The Human Race

As much as I’d like to forget the hurt, the memory is etched into my mind. It was one of those moments that seem to come out of nowhere but end up shaping life going forward.

I was standing in the checkout line, minding my own business. Nothing was new or different except that I usually have multiple children by my side. It was rare for me to just have one kid in tow. I waited to pay with a toddler (that I loved) on my hip. The line was long and eventually we caught the eye of the lady in front of us. When she saw us, she did a double take. She proceeded to stare us down with what appeared to be disgust. She didn’t know a single thing about us, but the fact that I stood there with a child on my hip that looked very different than me obviously repulsed her. The worst part was she didn’t stop. She continued to glare. It caught me so off guard that I didn’t know how to respond. I thought to myself, “Please just let me get to my car before I start crying, please!”

As soon as I latched Kaden* into his car seat, I dropped my head and covered my face. I had so many emotions flooding in and they proceeded to run down my face in streams. I was sad. I was hurt. I was confused. I was frustrated. After reflection, it hit me like a ton of bricks. That moment was the first time I had personally experienced racism.

The look in that lady’s eyes spoke clearly to me. I was being judged harshly and although it hurt at the time, I have since become appreciative of her glare. It altered my thoughts. It inspired me to grow. It stirred in me a deeper love for people who have skin that looks a little different than mine. It wasn’t until then that I realized that my family is making a difference in this world by showing others that every life matters. Every human deserves love… no matter how dark or light their skin is.

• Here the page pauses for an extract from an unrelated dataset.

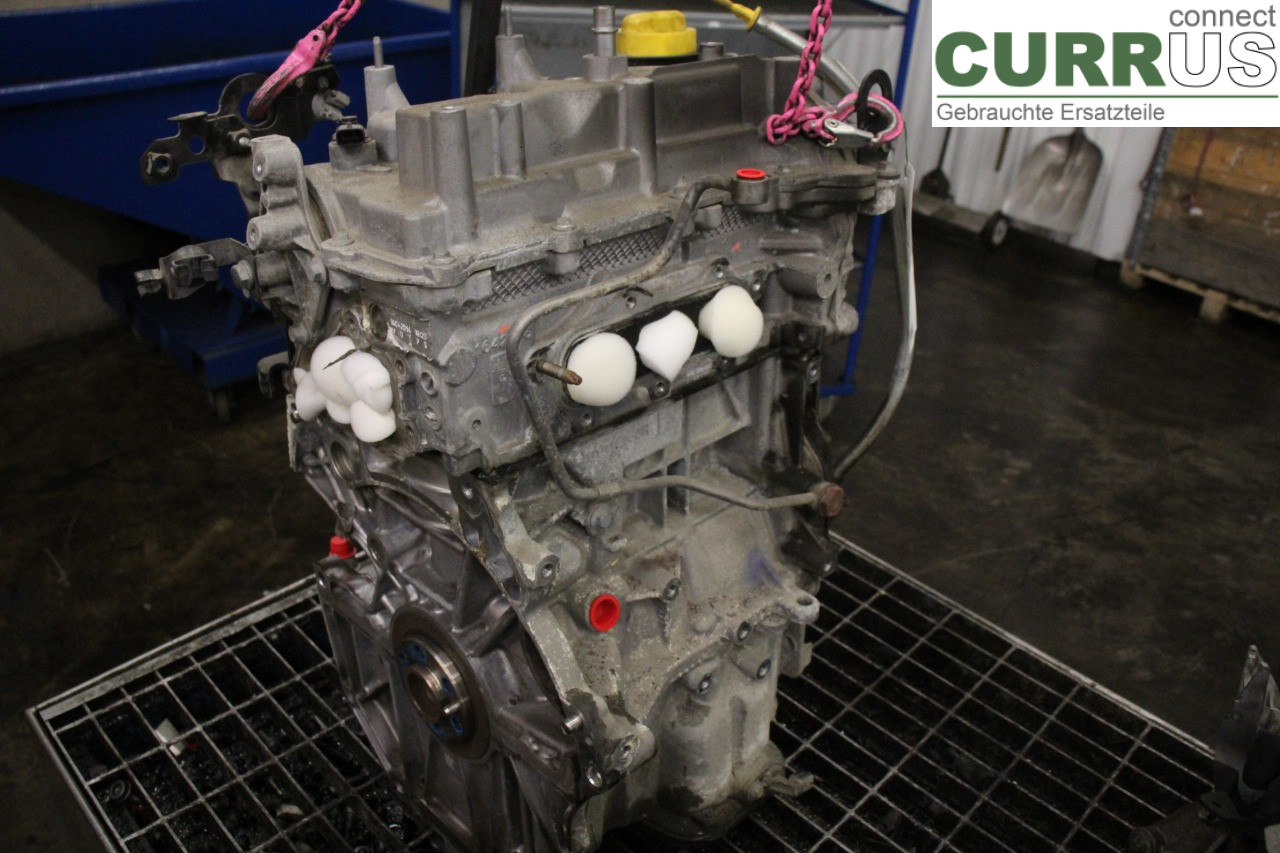RENAULT CAPTUR 13-19 Motor 8201588166 H4B-400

These days, when we are out and the looks come our way, I respond very differently. I have become grateful for the stares because they are allowing me the opportunity to be an example. I usually smile and purposefully give some extra love to the angel in my arms. Whether or not our skin matches doesn’t matter. Our hearts match. When our family catches the eye of others, I’m hopeful that it helps them see that while we celebrate uniqueness, culture, and differences, there is only one race that matters…

the human race.

Kayce wants to change the world, one little person at a time. Kayce and her husband, Ray, enjoy fostering children and hope to show them an example of a healthy home. Kayce loves motivating and empowering people to be the best they can be and is passionate about teaching others how to take charge of their own health naturally. She is incredibly grateful for music, gardening, and sunshine. Follow her posts to learn about fostering in South Carolina!

1 Comment

  1. Amen and Amen. Loving people has never been a problem with me. It does not have a thing to do with race or color. Rich nor poor. Pretty or not so pretty. No limitations. You know, I am definitely not comparing Jesus with anyone on earth, but we have never seen Him. Think about it!